New Evidence of Torture, Mass Arrests of Vietnam's Montagnard Christians
In a recently released 25-page briefing paper, Human Right's Watch describes ''new and disturbing information'' about recent large-scale arrests and torture of Montagnard Christians living in Vietnams Central Highlands
Cambodias decision to close its northeastern border with Vietnam to halt the flow of Montagnard asylum seekers comes amidst alarming new reports of mass arrests, torture, and increasing persecution of Montagnard Christians in Vietnams Central Highlands, stated the largest U.S.-based human rights organization in a briefing paper released today.
[The] combination of repression by Vietnam and border closure by Cambodia puts increasing numbers of Montagnards at risk of serious harm, Human Rights Watch (HRW) said in the paper after Cambodian National Police Chief Hok Lundy ordered authorities in the border province of Ratanakiri on Jan. 1 to increase the number of border police in order to prevent Montagnard asylum seekers from entering.
In the 25-page briefing paper, HRW describes new and disturbing information about recent large-scale arrests of Montagnard Christians living in Vietnams Central Highlands and the torture of Montagnard activists, house church leaders, and others, including individuals who have been deported or have voluntarily returned from Cambodia.
The Vietnamese governments mistreatment of Montagnards continues unabated, stated Brad Adams, executive director of Human Rights Watchs Asia Division. Instead of closing its borders to asylum seekers, the Cambodian government should be working with the United Nations refugee agency to provide sanctuary to people escaping torture and arbitrary arrest.
HRW said that under Cambodias international treaty obligations, the Cambodian government must not return Montagnard asylum seekers so long as they face a serious risk of persecution upon return to Vietnam. Hok Lundys statements, which were tape recorded, make it clear that Cambodia is flouting its legal obligations, HRW added.
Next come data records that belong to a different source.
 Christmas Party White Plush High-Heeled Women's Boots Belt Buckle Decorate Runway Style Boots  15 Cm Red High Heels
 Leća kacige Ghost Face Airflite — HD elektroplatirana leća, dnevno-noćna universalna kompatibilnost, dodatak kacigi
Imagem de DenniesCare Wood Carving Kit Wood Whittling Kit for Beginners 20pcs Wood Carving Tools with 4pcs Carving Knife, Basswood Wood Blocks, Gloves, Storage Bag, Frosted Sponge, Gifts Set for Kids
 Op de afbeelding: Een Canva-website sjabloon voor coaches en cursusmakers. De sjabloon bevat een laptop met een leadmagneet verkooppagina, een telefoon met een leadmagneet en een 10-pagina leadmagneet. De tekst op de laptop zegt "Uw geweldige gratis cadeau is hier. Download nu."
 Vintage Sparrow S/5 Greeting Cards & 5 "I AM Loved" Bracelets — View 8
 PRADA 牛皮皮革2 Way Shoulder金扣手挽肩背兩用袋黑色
The agency also reported that during high-profile tours to the Central Highlands in December, top Vietnamese officials pledged to respect religious freedom and called on local officials to encourage peaceful and happy Christmas celebrations in Montagnard villages. However, in the weeks leading up to Christmas, police were rounding up and arresting dozens of Montagnard Christians and detaining them at district and provincial police stations and prisons throughout the region. Last month, in Vietnams Gia Lai provinceone of five provinces in the Central Highlandspolice arrested 129 people between Dec. 12 and 24.
Christmas was relatively quiet in the highlands, said Adams. Thats because hundreds of Montagnards were rounded up and spent the holiday in police detention.
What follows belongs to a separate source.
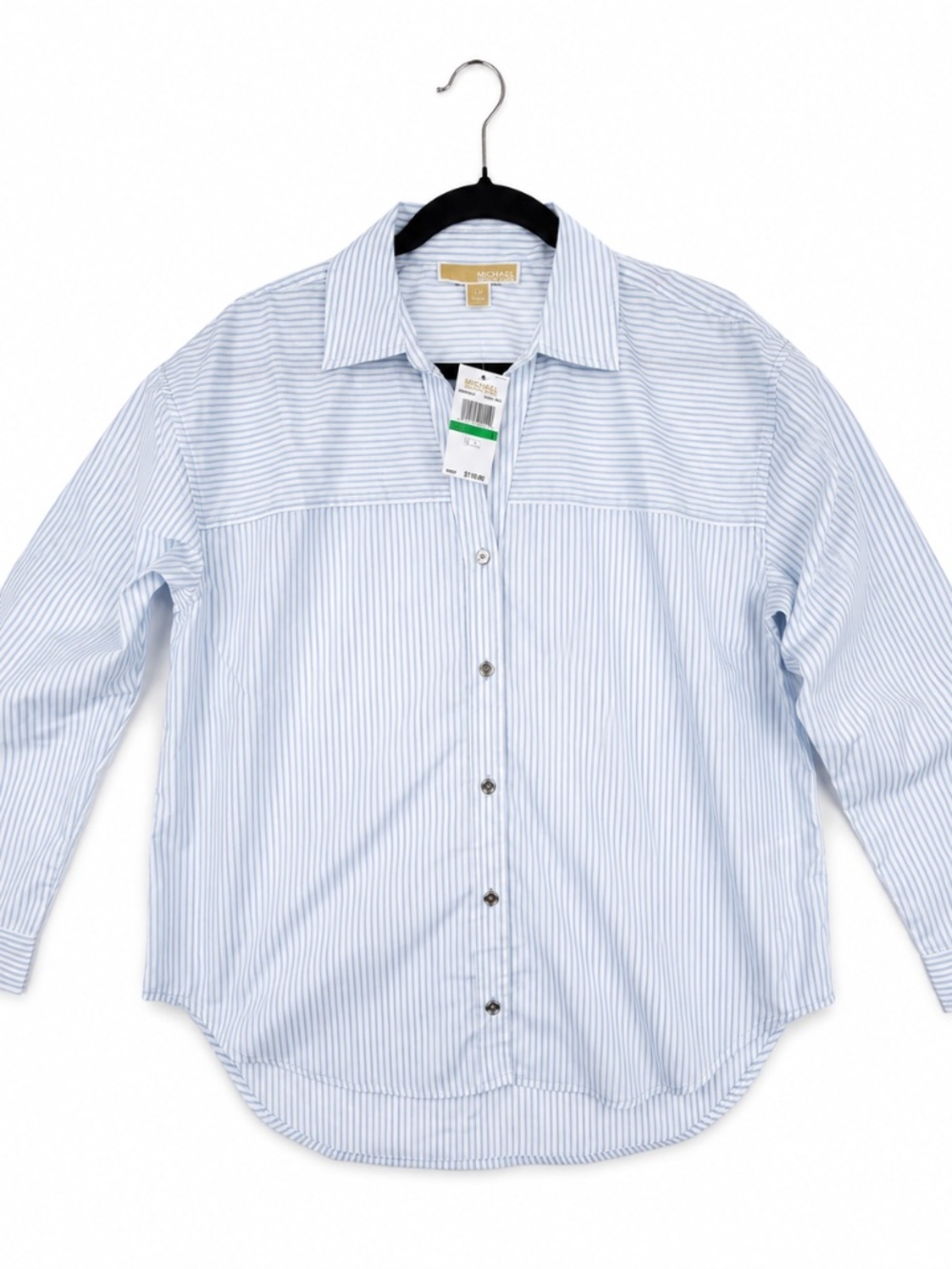 MICHAEL KORS Women's Shirting Button Front Blouse Blue White Stripe NWT Large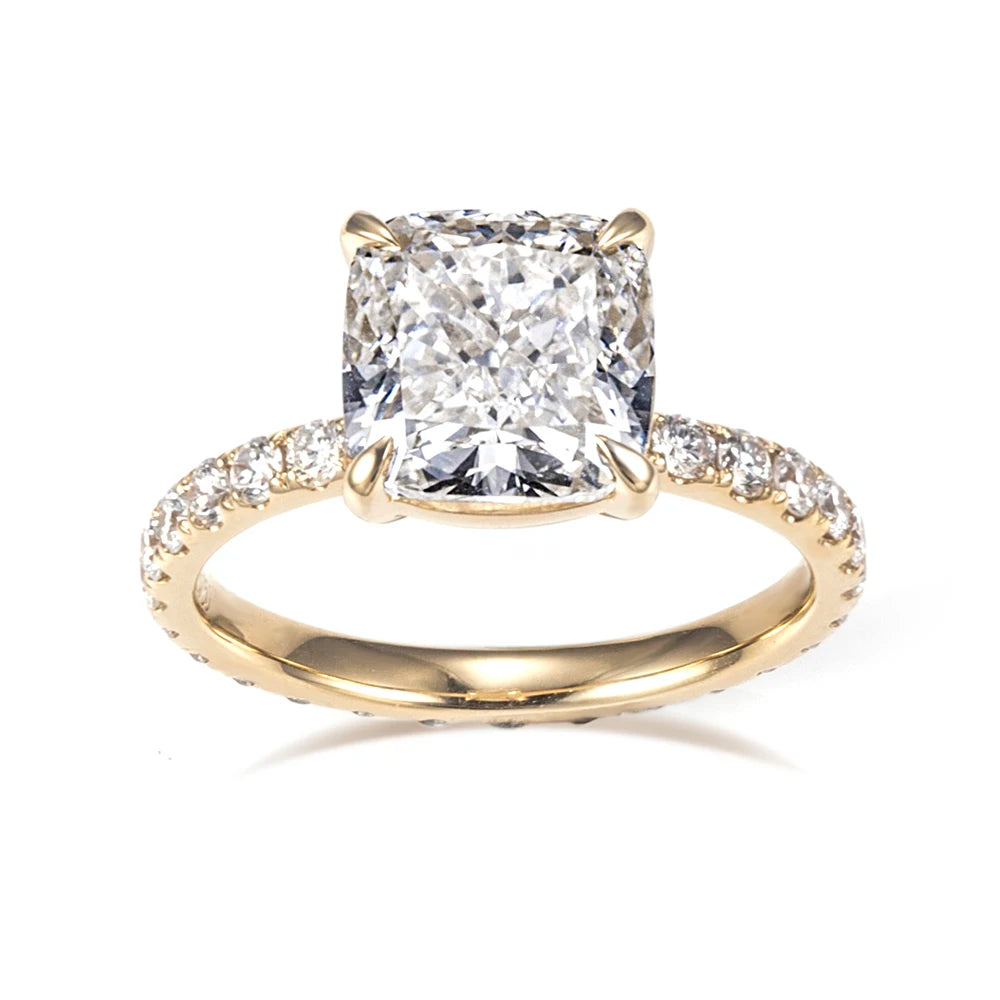 Messi Gems MSR-1639 18k Gold Wedding Engagement Women's Diamond Rings 3.4ct Cushion Cut Lab Grown Diamond Ring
According to HRW, many of those arrested during the Christmas crackdown were Montagnard house church leaders who were organizing Christmas gatherings in the villages. Others targeted for detention included the wives and even young children of men who had fled to Cambodia to seek asylum. HRW said that police also arrested dozens of Montagnards suspected of being protest leaders or making contact with groups in the U.S. supporting demands for the return of ancestral land and religious freedom. The current whereabouts and treatment of most of the detainees is unknown.
A Mnong man from Dak Nong province, who was arrested in April 2004, told HRW he was severely beaten several times by police officers trying to obtain the names of other activists. At the district jail, police officers pulled out one of his toenails, beat him repeatedly on his thighs with a rubber baton, and boxed him in the face, knocking out one of his front teeth, HRW reported. They brandished an AK-47 rifle and threatened to kill him. He was then transferred to the provincial prison, where he was interrogated and beaten again.
The agency also reported that first-hand accounts from Montagnards who have voluntarily returned to Vietnam since 2001 indicate that Vietnamese authorities treat returnees with intense suspicion. Some are placed under police surveillance and even house arrest upon return, or are regularly summoned to the police station for questioning about their activities, HRW added.
On Dec. 29, 2004, the Vietnamese government publicly accused 13 Montagnards who voluntarily returned to Vietnam last October from a Cambodian refugee camp of being spies that the United Nations High Commissioner for Refugees (UNHCR) trained to create disturbances and then sent back to Vietnam.
These kinds of statements show a degree of paranoia that leads to persecution, said Adams. Instead of punishing those who flee for safety, the government in Hanoi must begin to deal with the causes of discontent, which are religious repression and widespread confiscation of the agricultural land on which the indigenous minority people depend for their livelihood.
Meanwhile, Montagnard asylum seekers who crossed the border to Cambodias Ratanakiri province right before Christmas remain in dire straits, HRW reported. The agency said that during the course of last week truckloads of Cambodian police and gendarmerie were scouring the forests where the asylum seekers are thought to be hiding.
It is absolutely imperative that the Cambodian government immediately grants UNHCR access to these people, or turns them over to UNHCR if government security forces apprehend them, said Adams. UNHCR and key governments must make it clear in no uncertain terms to the Cambodian government that asylum seekers must not be arrested and summarily returned to Vietnam.
In its press release, HRW noted that Cambodia is a party to the United Nations Refugee Convention, which prohibits the return of individuals facing a well-founded fear of persecution on political, religious, or ethnic grounds. Cambodia is also a party to the Convention Against Torture, which states in article 3 that, "No State Party shall expel, return ("refouler") or extradite a person to another State where there are substantial grounds for believing that he would be in danger of being subjected to torture."